The reply should contain every entry exactly as given, with no pictures in it.

::: DATA PROVIDED :::

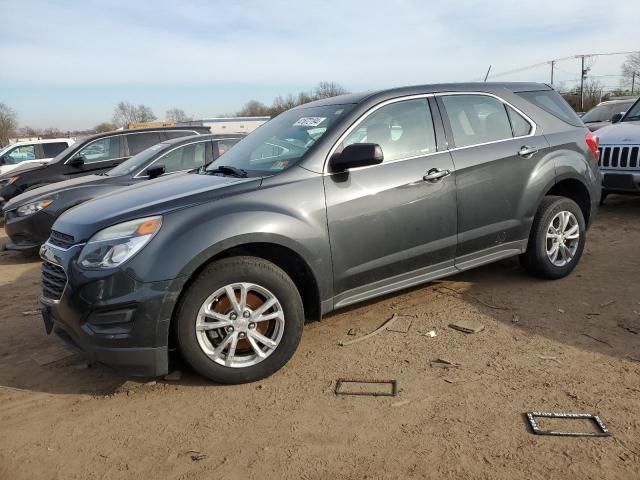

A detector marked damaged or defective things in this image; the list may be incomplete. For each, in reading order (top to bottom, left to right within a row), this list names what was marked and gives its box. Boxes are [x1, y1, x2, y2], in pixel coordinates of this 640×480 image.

rusty metal piece [336, 378, 396, 398]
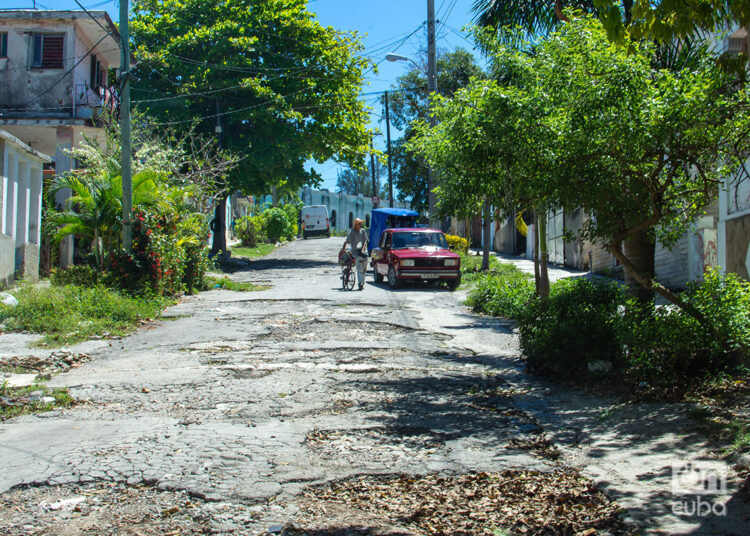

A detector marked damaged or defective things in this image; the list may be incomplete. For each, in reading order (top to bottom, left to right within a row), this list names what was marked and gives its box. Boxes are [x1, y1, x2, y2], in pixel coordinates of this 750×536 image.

cracked asphalt road [1, 240, 750, 536]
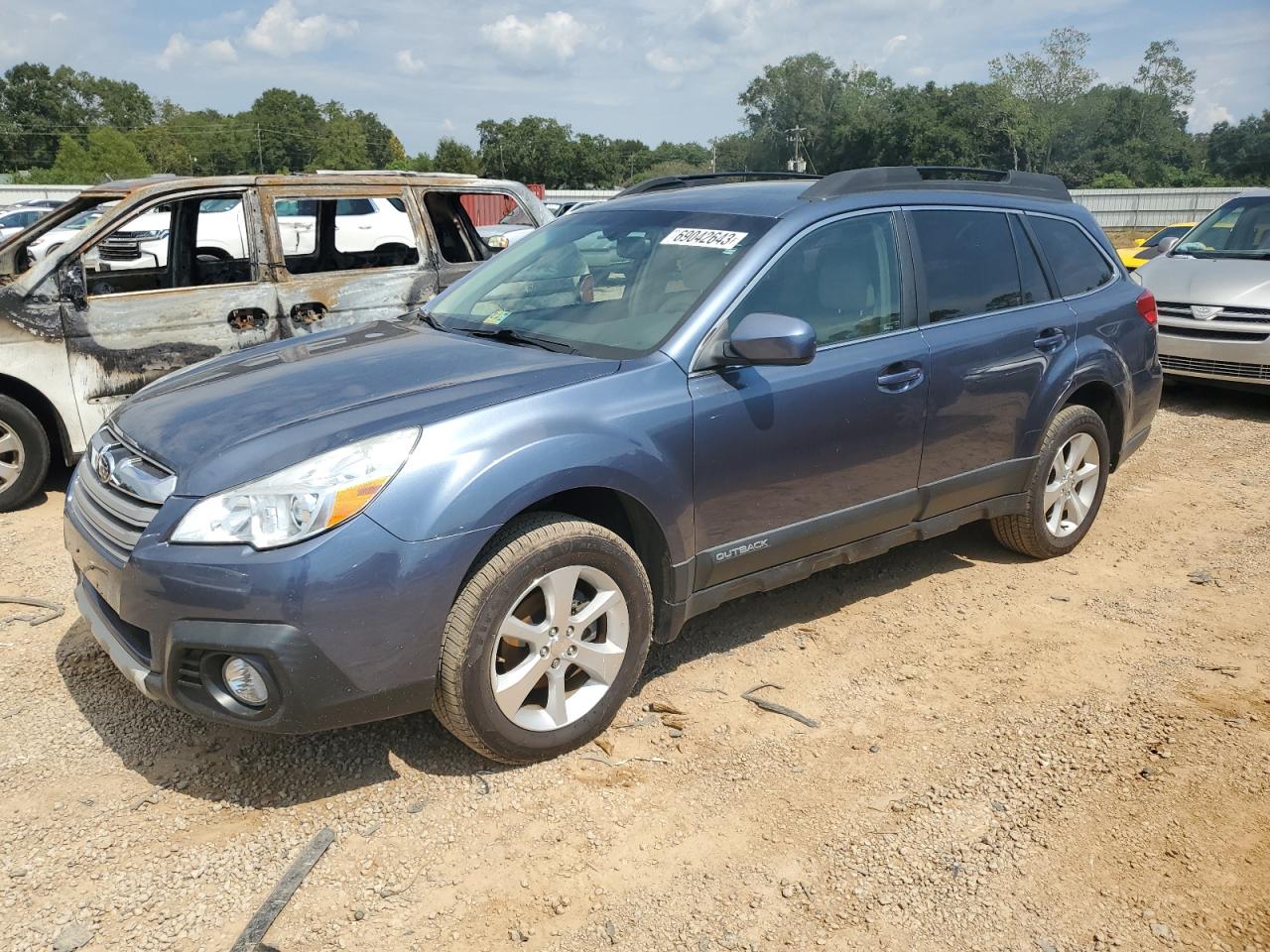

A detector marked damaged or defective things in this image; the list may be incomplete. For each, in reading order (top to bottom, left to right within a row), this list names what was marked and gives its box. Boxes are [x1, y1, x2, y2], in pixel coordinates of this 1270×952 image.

burned wrecked car [0, 174, 548, 510]
rusted car body [0, 174, 548, 510]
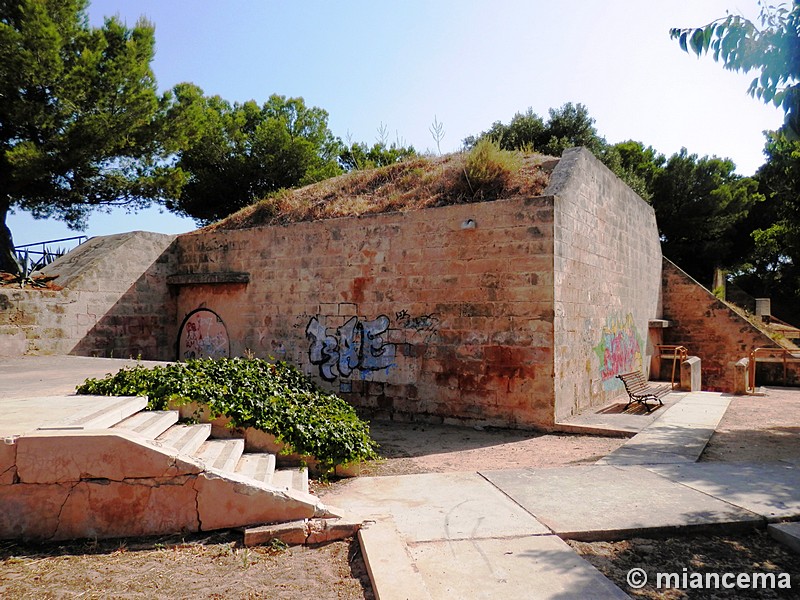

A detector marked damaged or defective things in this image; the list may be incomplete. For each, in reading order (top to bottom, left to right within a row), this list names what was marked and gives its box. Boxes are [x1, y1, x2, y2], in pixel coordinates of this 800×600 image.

cracked concrete block [0, 440, 16, 488]
cracked concrete block [16, 428, 205, 486]
cracked concrete block [0, 480, 71, 540]
cracked concrete block [53, 476, 200, 540]
cracked concrete block [194, 468, 318, 528]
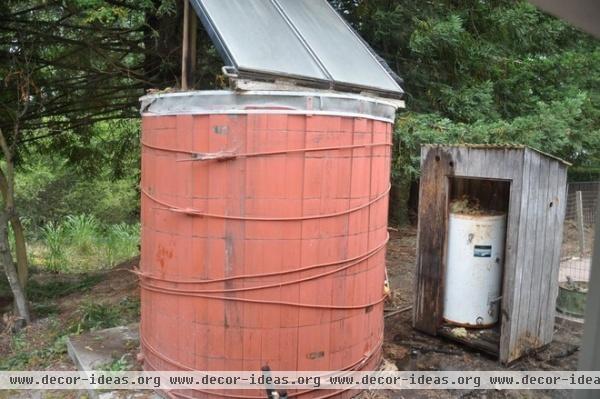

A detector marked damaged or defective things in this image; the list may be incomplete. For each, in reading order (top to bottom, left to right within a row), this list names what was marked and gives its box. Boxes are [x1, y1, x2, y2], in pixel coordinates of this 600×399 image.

rust stain on tank [139, 97, 394, 399]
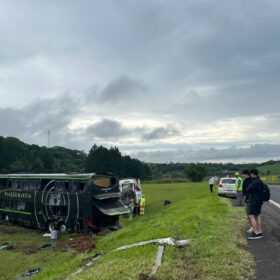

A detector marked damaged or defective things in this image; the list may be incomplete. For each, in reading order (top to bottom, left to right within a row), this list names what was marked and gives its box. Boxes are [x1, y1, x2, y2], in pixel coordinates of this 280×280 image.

overturned bus [0, 173, 129, 232]
damaged vehicle [0, 173, 129, 232]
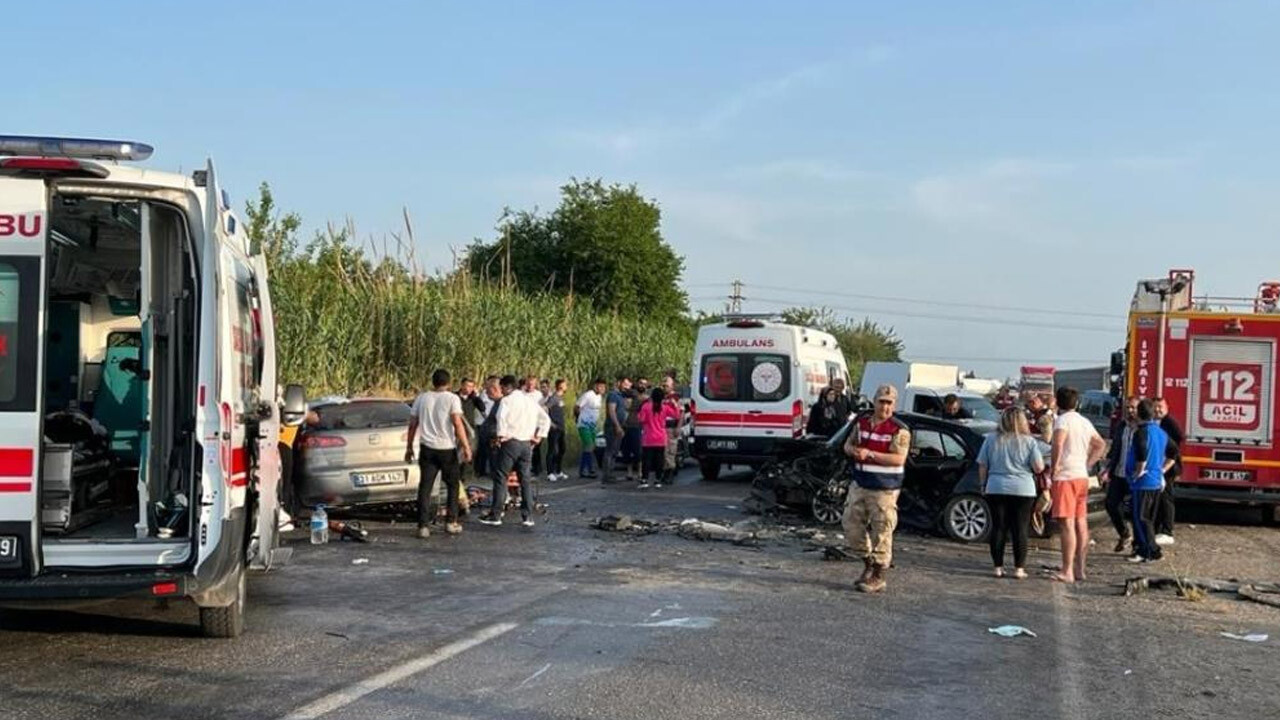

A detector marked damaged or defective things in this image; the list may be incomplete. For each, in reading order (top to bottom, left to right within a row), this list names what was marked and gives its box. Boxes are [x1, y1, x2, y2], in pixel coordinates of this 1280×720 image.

crashed black car [744, 410, 1004, 540]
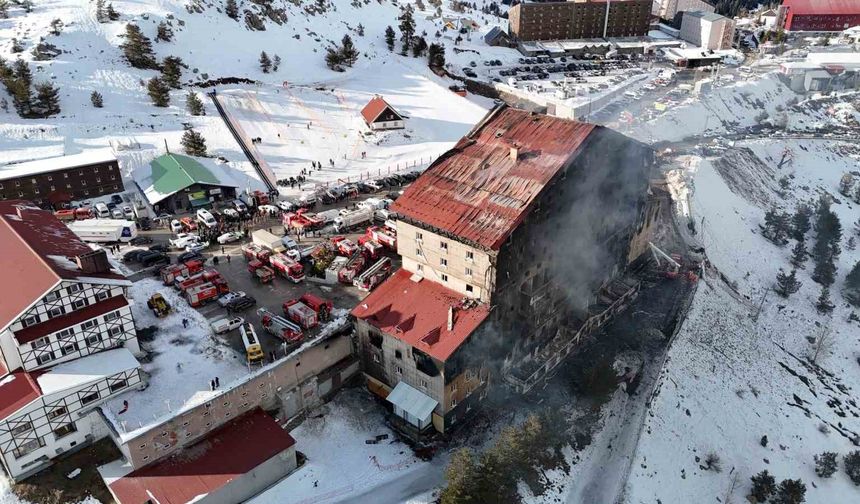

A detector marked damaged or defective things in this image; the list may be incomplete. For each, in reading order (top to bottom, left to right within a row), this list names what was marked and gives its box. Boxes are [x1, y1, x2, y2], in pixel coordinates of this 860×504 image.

burned hotel building [352, 105, 660, 434]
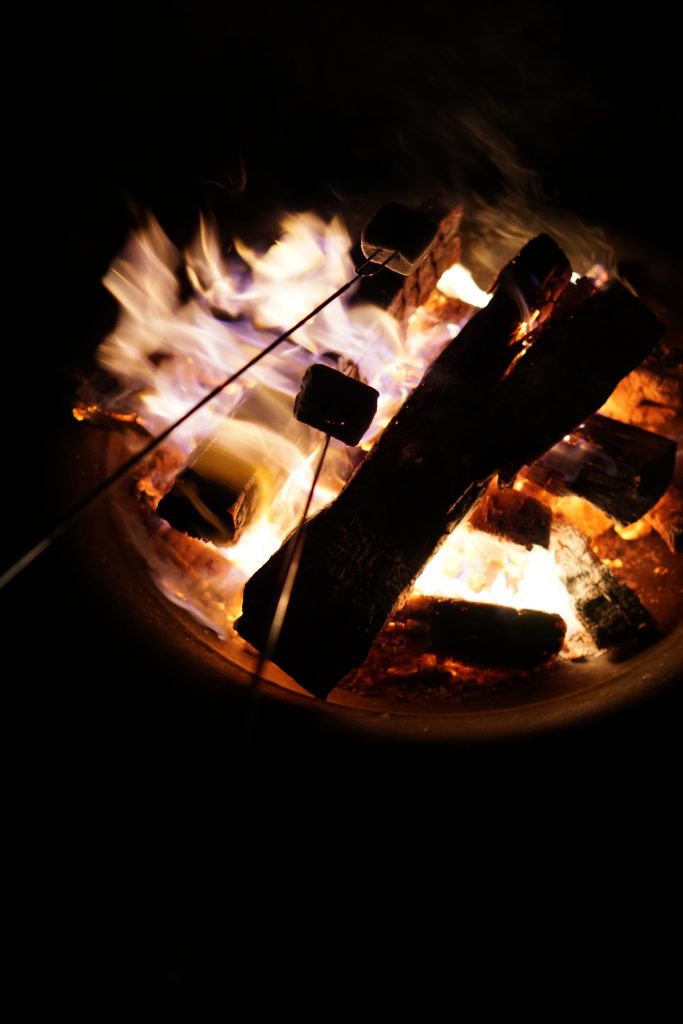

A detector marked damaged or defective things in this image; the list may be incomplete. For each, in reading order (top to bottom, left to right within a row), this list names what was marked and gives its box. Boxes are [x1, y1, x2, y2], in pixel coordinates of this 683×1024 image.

:::

EXERCISE RESPONSE:
A detector marked damaged or defective things in this image; the list may be incomplete. For each, in reading order (top to bottom, left to right within a row), this list names what was marked and gives its box. Boxes are [x1, y1, x2, y2], in pixel coordinates of this 640×480 image.

rusty metal piece [336, 378, 396, 398]

A detector marked damaged or defective things in this image; the list may be incomplete. For each, in reading order (top to bottom, left to right within a row), this list names what was marked and gives its box. Boxes are [x1, y1, x2, y2], in pixel coordinates of this 750×536 image.

cracked asphalt road [1, 240, 750, 536]

A detector marked damaged or defective things in this image; the list may be incomplete. For each, in reading order (top to bottom, left to right within a row), this list names what was marked and gives its box. Boxes are [x1, y1, x2, y2], in pixel coordinates of this 1270×952 image.

burned wrecked car [0, 174, 548, 510]
rusted car body [0, 174, 548, 510]

A detector marked damaged or defective things in this image; the list may be incomplete. For each, in reading order (top to bottom, left to right within a row), this list names what was marked and gives its box. Boxes are [x1, y1, x2, y2], in pixel coordinates of this 800×600 image.

cracked concrete block [0, 440, 16, 488]
cracked concrete block [16, 428, 205, 486]
cracked concrete block [0, 480, 71, 540]
cracked concrete block [53, 476, 200, 540]
cracked concrete block [194, 468, 318, 528]

A detector marked damaged or defective things in this image; the list may be incomplete. For each, in reading order (top to bottom, left to right within a row), this list names what was marked and gives its box. Boxes are [x1, y1, x2, y2], in pixel coordinates of this 600×399 image.

rust stain on tank [139, 97, 394, 399]

A detector marked damaged or defective things in this image; the list may be incomplete. For each, in reading order (top to bottom, left to right within a row), this list names what was marked and gives its box. Boxes are [x1, y1, x2, y2], in pixel coordinates of this 280×280 image.

overturned bus [0, 173, 129, 232]
damaged vehicle [0, 173, 129, 232]

A detector marked damaged or defective things in this image; the list may be incomplete. For each, in reading order (top to bottom, left to right within a row), this list names what was marked and gives its box. Boxes are [x1, y1, x2, y2], in pixel coordinates of this 1280×720 image.

crashed black car [744, 410, 1004, 540]

A detector marked damaged or defective things in this image; the list may be incomplete. For each, in reading order (top to bottom, left to right within a row), this list names what was marked and gives its box. Boxes are [x1, y1, x2, y2], in pixel coordinates of this 860×504 image.

burned hotel building [352, 105, 660, 434]

A detector marked damaged or defective things in this image; the list may be incomplete. For each, in reading order (top to bottom, left to right within a row), this list names what was marked and gives its box. Boxes are [x1, y1, x2, y2], in pixel coordinates of this 683×1024 image.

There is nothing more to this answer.